Required action:
The lines from the start of the data up to and including the one with "1762 Ga Highway" should be returned exactly, and nothing else.

START Data in this exercise

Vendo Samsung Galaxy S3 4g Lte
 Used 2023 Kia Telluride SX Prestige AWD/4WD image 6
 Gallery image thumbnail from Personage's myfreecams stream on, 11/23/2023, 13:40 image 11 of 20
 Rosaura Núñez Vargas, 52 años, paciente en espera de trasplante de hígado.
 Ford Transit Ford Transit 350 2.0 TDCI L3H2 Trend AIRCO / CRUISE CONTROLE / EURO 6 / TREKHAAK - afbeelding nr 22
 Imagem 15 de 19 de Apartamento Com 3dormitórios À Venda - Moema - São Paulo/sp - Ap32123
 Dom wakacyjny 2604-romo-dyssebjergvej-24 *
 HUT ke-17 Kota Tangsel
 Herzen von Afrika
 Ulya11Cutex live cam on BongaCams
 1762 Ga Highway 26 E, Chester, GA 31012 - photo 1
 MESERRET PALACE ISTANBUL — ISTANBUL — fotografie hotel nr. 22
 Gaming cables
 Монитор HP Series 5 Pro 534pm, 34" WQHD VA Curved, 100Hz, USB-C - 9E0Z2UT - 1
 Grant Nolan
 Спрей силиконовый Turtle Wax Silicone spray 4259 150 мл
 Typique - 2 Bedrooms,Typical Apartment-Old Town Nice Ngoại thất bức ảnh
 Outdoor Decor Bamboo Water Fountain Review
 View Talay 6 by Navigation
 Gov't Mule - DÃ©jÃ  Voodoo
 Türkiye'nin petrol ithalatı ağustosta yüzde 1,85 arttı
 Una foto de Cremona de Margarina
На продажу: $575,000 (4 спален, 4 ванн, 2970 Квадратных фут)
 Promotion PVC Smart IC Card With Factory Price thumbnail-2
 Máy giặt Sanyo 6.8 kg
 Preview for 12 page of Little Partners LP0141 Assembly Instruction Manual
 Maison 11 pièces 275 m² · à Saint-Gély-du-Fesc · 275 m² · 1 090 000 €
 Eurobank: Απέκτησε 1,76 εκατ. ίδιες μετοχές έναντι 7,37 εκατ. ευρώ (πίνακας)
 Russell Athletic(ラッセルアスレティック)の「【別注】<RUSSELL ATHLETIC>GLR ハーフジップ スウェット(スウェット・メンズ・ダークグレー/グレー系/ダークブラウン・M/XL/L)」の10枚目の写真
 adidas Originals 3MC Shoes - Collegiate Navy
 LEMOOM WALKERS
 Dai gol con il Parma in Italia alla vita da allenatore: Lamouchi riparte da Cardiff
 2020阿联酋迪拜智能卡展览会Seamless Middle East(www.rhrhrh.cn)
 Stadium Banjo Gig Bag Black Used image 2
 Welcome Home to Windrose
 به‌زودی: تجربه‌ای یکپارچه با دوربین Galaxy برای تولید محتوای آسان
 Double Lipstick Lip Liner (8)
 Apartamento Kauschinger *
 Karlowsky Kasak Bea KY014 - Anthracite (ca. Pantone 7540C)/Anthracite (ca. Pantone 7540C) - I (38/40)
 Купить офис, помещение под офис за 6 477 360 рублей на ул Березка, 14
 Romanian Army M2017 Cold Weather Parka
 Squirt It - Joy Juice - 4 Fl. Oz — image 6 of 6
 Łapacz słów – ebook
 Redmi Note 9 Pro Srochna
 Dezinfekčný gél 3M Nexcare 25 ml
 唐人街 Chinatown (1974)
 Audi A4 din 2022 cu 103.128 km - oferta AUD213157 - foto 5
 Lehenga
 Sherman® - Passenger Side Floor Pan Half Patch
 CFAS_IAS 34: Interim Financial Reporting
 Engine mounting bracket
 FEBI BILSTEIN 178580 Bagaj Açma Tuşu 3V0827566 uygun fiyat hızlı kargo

END Data in this exercise

Output of the task:
Vendo Samsung Galaxy S3 4g Lte
 Used 2023 Kia Telluride SX Prestige AWD/4WD image 6
 Gallery image thumbnail from Personage's myfreecams stream on, 11/23/2023, 13:40 image 11 of 20
 Rosaura Núñez Vargas, 52 años, paciente en espera de trasplante de hígado.
 Ford Transit Ford Transit 350 2.0 TDCI L3H2 Trend AIRCO / CRUISE CONTROLE / EURO 6 / TREKHAAK - afbeelding nr 22
 Imagem 15 de 19 de Apartamento Com 3dormitórios À Venda - Moema - São Paulo/sp - Ap32123
 Dom wakacyjny 2604-romo-dyssebjergvej-24 *
 HUT ke-17 Kota Tangsel
 Herzen von Afrika
 Ulya11Cutex live cam on BongaCams
 1762 Ga Highway 26 E, Chester, GA 31012 - photo 1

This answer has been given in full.